* **What is being asked**
Write out the lines of the material below exactly, beginning at the line with "Peserico Black Short-Sleeved" and stopping after the line with "Letto con contenitore", and leave out the pictures.

* **Data section**
———

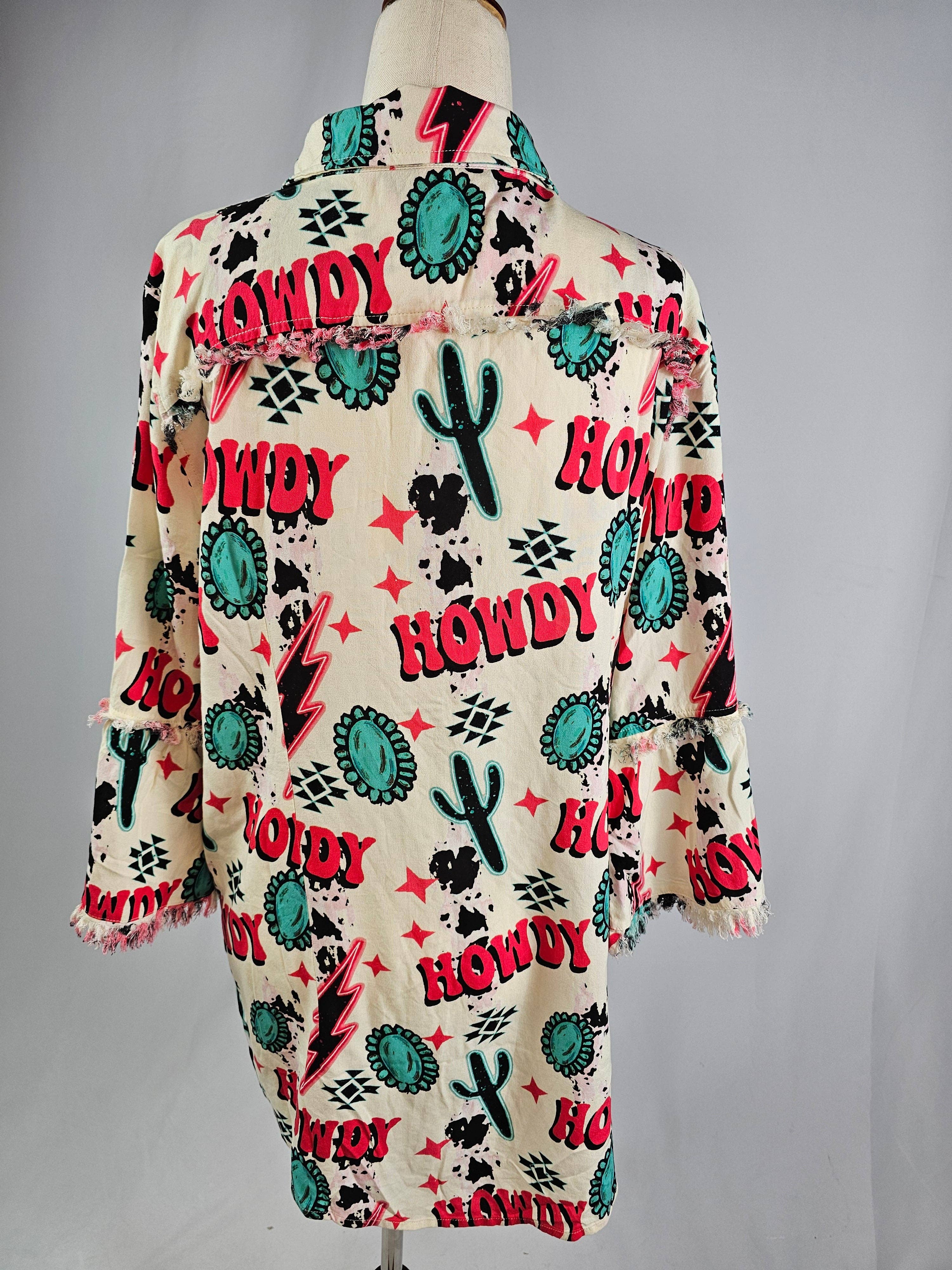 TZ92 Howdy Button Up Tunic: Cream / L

———

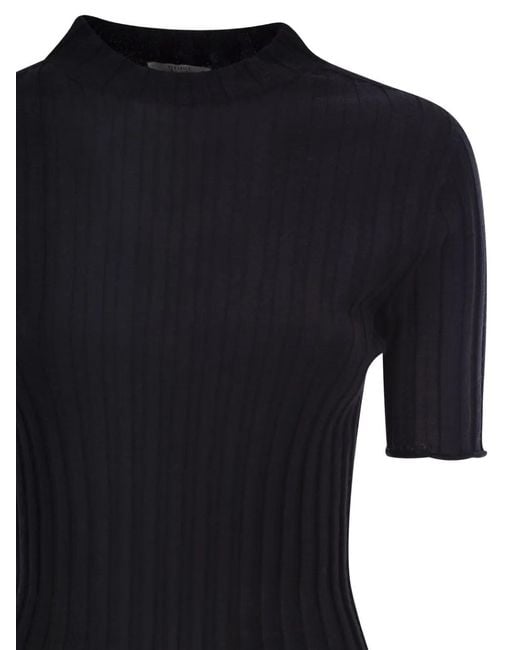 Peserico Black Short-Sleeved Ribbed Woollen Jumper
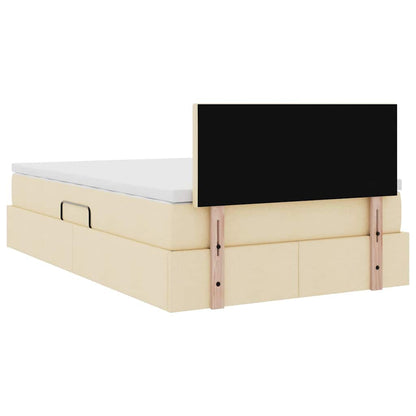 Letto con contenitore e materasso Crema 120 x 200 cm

———

* **Finished task**
 Peserico Black Short-Sleeved Ribbed Woollen Jumper
 Letto con contenitore e materasso Crema 120 x 200 cm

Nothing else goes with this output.